Location: Dayton, OH
19 posts, read 21,007 times
Reputation: 20
Quote:
Originally Posted by Jock Joubert View Post
Interesting comments from a number of people who I may be wrong, but I suspect, never lived in downtown
Dayton. Being a resident of Dayton since 1971 and living never more than six blocks for the center of Downtown was able to observe the decline and rebuilding of downtown Dayton. Since the early 2000’s, Downtown has been rebuilding into a vibrant, active, urban professional environment. With University of Dayton and Sinclair College in town and an active Arts Community. The addition of Riverscape and the Dayton Dragons, Downtown is an active environment. Several times a week, when the Dragons in, 8 to 10,000 people travel downtown to see the Dragons play. With the Oregon District and many great restaurants their is a lot to enjoy. Downtown is slowly coming back but it is hardly dying.
Good to see a voice of reason, historybuff.

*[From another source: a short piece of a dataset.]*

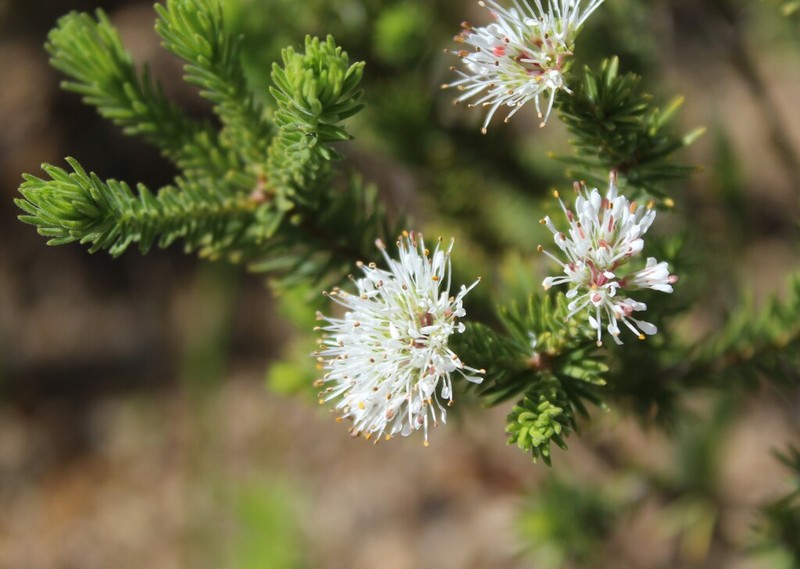 Agathosma hispida photo 5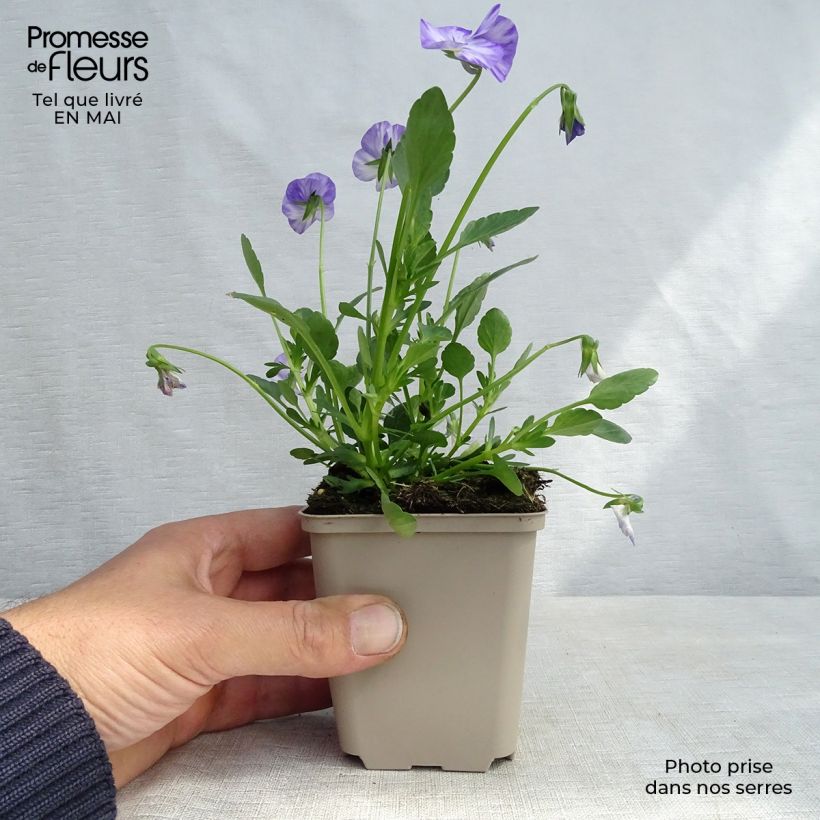 Spécimen de Viola Cornuta Columbine - Pensée à Cornes Godet de 9cm tel que livré au printemps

I appreciate the ideas put forth by the OP. I do think that the Arcade is a fairly long way off from being able to be occupied by business tenants, but that is something I would love to see happen in my lifetime. Unfortunately the current property tax situation and the amount of renovation needed is costly.

But these things you cited that are happening downtown right now- even though they've been developing as a part of local culture for nearly fifteen years now, I see them as just one component, only a beginning, of all that is possible. There could be many more uses for the existing buildings, and the existing geography, if the city leaders and interested investors in the area have the desire and the means to do so.

But yes, there are many things about downtown to be enjoyed now, that we didn't have even as recently as the 1990s. It has been coming back, fairly reinvented, slowly but surely.